[[ INPUT, beginning ]]
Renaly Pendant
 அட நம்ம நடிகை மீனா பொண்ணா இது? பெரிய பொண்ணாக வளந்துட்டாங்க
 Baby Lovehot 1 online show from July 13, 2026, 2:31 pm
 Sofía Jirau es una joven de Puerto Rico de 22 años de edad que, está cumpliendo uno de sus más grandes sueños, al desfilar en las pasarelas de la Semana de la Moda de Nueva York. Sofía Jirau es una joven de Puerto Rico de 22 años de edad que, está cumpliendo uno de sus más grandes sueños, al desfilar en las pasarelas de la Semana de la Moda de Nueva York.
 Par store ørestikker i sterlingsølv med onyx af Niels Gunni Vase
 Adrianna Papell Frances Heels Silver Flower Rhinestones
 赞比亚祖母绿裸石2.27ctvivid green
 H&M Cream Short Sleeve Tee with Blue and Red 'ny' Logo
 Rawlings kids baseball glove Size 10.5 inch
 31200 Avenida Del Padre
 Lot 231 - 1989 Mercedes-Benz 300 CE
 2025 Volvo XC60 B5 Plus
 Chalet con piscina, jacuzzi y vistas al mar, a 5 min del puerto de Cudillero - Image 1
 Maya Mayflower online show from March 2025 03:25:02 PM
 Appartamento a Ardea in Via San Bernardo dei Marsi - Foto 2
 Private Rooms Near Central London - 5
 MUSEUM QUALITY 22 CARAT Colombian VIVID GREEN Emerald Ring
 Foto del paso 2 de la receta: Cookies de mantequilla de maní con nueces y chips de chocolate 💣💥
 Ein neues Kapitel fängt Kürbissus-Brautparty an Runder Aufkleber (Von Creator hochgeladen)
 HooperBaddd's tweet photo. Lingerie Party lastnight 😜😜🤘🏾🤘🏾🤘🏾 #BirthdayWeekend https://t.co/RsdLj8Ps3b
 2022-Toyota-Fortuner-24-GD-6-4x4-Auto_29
[[ INPUT, end ]]
Give back the records above exactly, limited to the lines between the one holding "2025 Volvo XC60 B5 Plus" and the one holding "Private Rooms Near Central London - 5", inclusive.

 2025 Volvo XC60 B5 Plus
 Chalet con piscina, jacuzzi y vistas al mar, a 5 min del puerto de Cudillero - Image 1
 Maya Mayflower online show from March 2025 03:25:02 PM
 Appartamento a Ardea in Via San Bernardo dei Marsi - Foto 2
 Private Rooms Near Central London - 5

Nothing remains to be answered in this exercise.